A vida das seguradoras ligadas ao setor rural, contudo, não é fácil. A Sancor Seguros, com 72 anos de tradição na Argentina, ainda caminha para um equilíbrio financeiro. Após cinco anos, e investimentos de R$ 250 milhões no Brasil, deverá atingir o ponto de equilíbrio no próximo ano.

Leandro Poretti, diretor-geral da Sancor, acredita no mercado brasileiro. Para ele, o Brasil está mudando e já supera a Argentina na qualidade de alguns produtos. Enquanto os argentinos têm coberturas voltadas para granizo e geadas, o potencial brasileiro se abra para um leque maior.

A empresa, que deverá ter um faturamento de R$ 420 milhões em 2018, investe anualmente 5% do faturamento em tecnologia.

A Sancor pretende avançar sobre o mercado de seguro rural com a oferta de uma variedade de opções, tanto de tipos de coberturas como de diversificação dos produtos que poderão ser assegurados.

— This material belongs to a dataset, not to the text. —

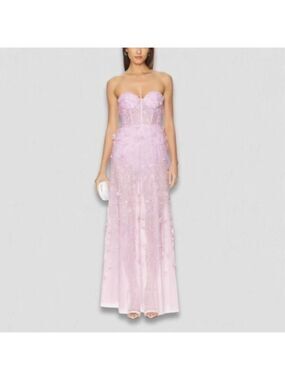 BCBGMaxAzria | Dresses | Nwt Bcbg Max Azria Gray Pink Striped Maxi Dress  Small S | Poshmark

Monitoramento em campo, satélites, tecnologias diversas, estatísticas e regionalização do seguro poderão trazer mais benefícios para o produtor em termos de custos.

Diferentes tipos de seguro e a ampliação do mercado favorecem a atuação das seguradoras. “Uma região compensa a outra, e os preços caem para os produtores”, diz Poretti.

O seguro para grãos e máquinas é o mais evoluído, mas a empresa desenvolve também programas para frutas, café, pecuária e florestas.

As opções para o produtor, dependendo do produto e da região, vão de seguro com base na qualidade, na produtividade, paramétrico (que estabelece parâmetros de cobertura) e efeitos catastróficos.

Mudando de direção - A Rússia, tradicional importadora de carne suína, deverá entrar no mercado exportador em poucos anos, segundo previsões do Rabobank, banco especializado em agronegócio.